Downing reserved the best lot, the one on the north corner, for himself. On it, he built a frame factory 28 feet by 50 feet and two storeys high. He placed it on the rear part of the lot, facing the square. The structure was raised in a bee; 25 of Downing’s friends heaved the timbers into place in the closing weeks of 1872. On the front part of the lot, facing the Dalby House (the flatiron building now housing a medical clinic), he constructed a one-storey showroom that in its later years was covered with sheet metal. It measured about 30 by 35 feet.

Elora already had two wagon and carriage makers. Despite the competition, Downing’s first months were full of promise. He hired a half dozen employees and built sleighs, farm wagons and buggies, and did repair work. The facilities included a small blacksmith shop. He took in a partner in 1873, but the arrangement lasted less than a year.
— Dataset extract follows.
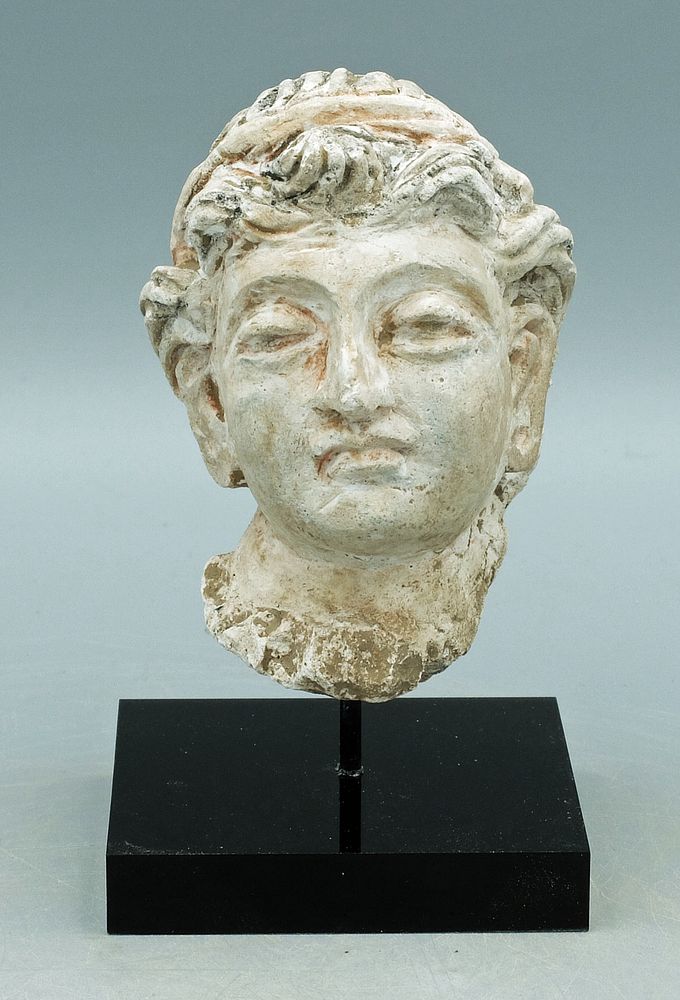 Appraisal: Gandharan Stucco Head - Indus Valley A choice Gandharan stucco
In 1874, Frank Dalby, brother of Robert Dalby of the Dalby House, placed an order for 16 carriages and wagons. Dalby shipped them all to British Columbia, where he had become involved in several business ventures. Downing also built a hearse for John Mundell, the Elora furniture maker and part-time undertaker.
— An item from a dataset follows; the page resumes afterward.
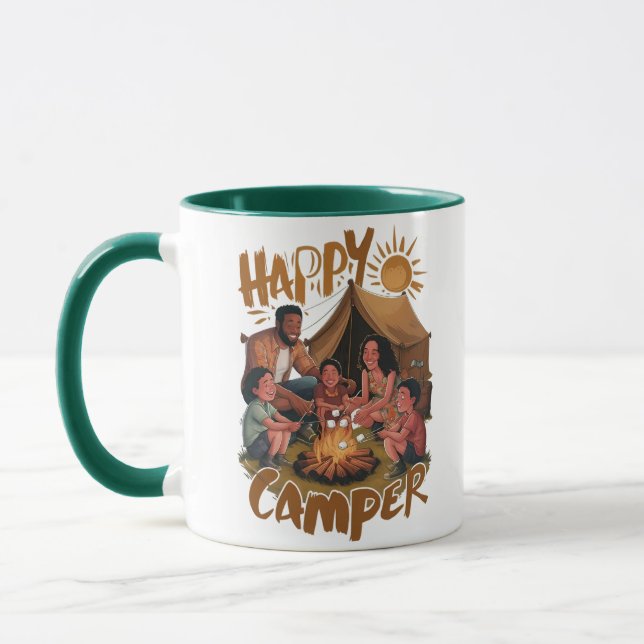 Mug Happy Camper Toddler T-shirt (5) (Gauche)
In 1875, Downing returned to Alma to pursue some business ventures there. He rented the factory, by now known as the Dominion Carriage Works, to the partnership of Auger and Inkster. W.H. Auger continued the business in his own name after 1879, and then sold out in 1886.

A succession of proprietors operated the Dominion Carriage Works over the next decade. The business suffered from declining demand, and at the same time faced a price squeeze from larger, more efficient builders. All that remained was repair work, with the occasional custom-built wagon or carriage.
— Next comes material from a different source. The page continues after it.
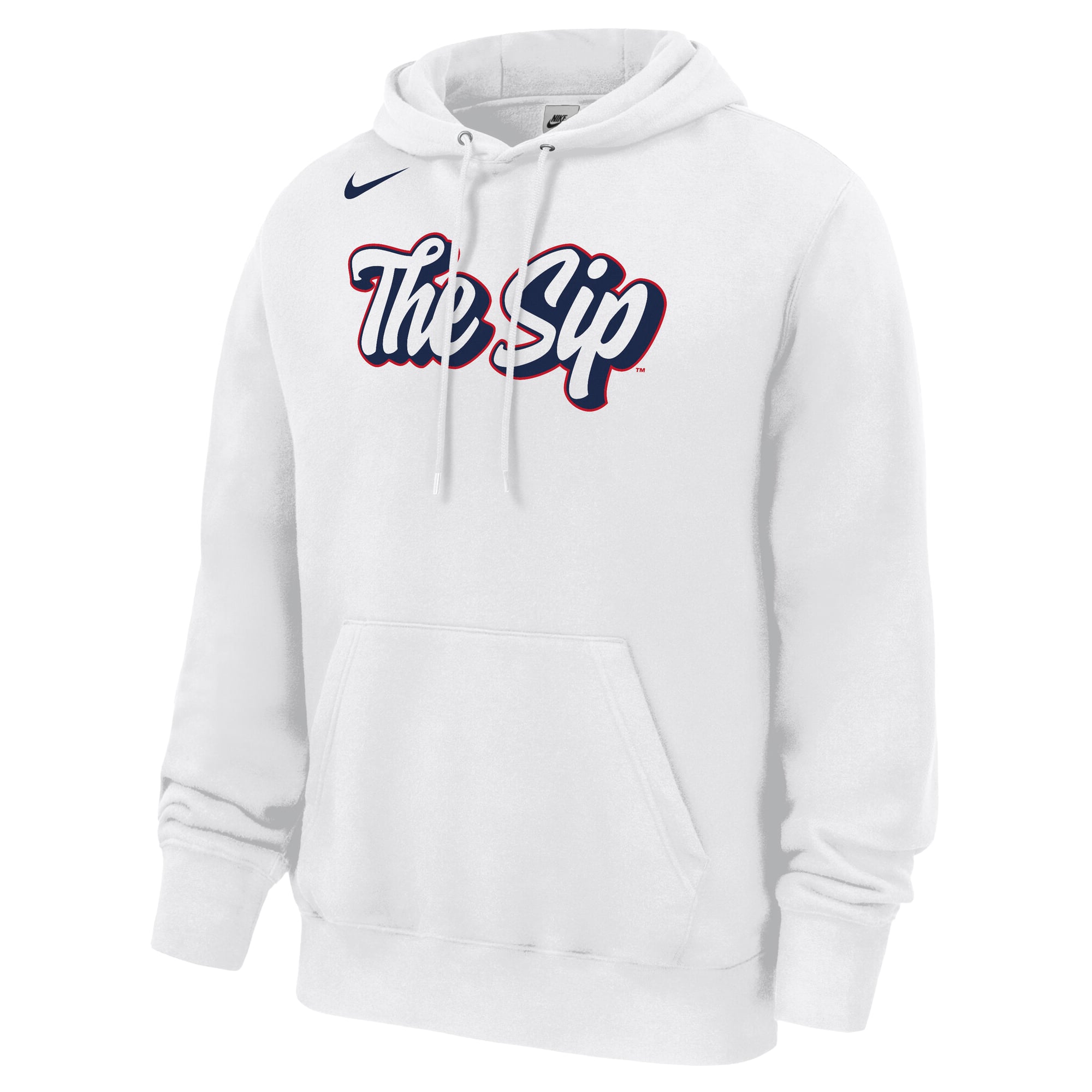 Men's Nike White Ole Miss Rebels The Sip Club Fleece Pullover Hoodie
During the late 1880s the proprietors conceded to change, and accepted dealerships for larger manufacturers of wagons and farm implements. Peter Aitcheson was perhaps the best known of the later proprietors. He sold Massey-Harris equipment and Deering harvesters at various times.

Aitcheson sold the business in 1906 to the final proprietor, Jim Watson. He sold Massey-Harris implements aggressively. Watson sponsored delivery days for his supplier, when he paraded several carloads of farm implements up and down the main street. By this time the greatest problem with the business was the site: there was not enough room to store an adequate inventory.

The Merchants Bank purchased the showroom building in 1909 and demolished it. In its place the bank built a two storey red brick building for its office. It is at the centre of the photograph, at most five years old at the time this picture was taken. The shop of the old Dominion Carriage Works still stands at the rear, a little worse for wear, and occupied in 1914 by a blacksmith’s shop.

These two buildings represent two generations for part of Elora’s business section. The old carriage factory/blacksmith shop faces the square, where huge cattle markets once made this a prime location for farm-related business. The Merchants Bank faces Metcalfe Street, with the corner built at a 45 degree angle for the doorway, facing the stores on Geddes Street. By 1914 this, and not Mill Street, was indisputably the commercial heart of Elora.

There have been more changes since this picture was taken over 100 years ago. The Merchants Bank amalgamated with the Bank of Montreal, then moved across Geddes Street to the Smith building, immediately below where this picture was taken. A lunch room operated in the former bank premises for a few years.

In the 1940s Arnold Fuller dismantled the former bank building, and rebuilt it as a gas and service station about 20 feet to the rear of its original site, to provide space for gas pumps at the front. By this time the old Dominion Carriage building was gone.

In the 1960s, the gas station business included a GM auto dealership operated by Ross Dunn. More recently, Gord Smith converted the building back to commercial space, and replaced the original troublesome flat roof with a pitched one (this building is now the home of the Cork Restaurant).

Wagon factory, implement dealership, bank, lunch counter, service station, retail space, restaurant: the varied commercial activity on this corner has reflected the economic evolution of the country and of the village.

This photo captures well one stage in that evolution, on an early spring day more than a century ago.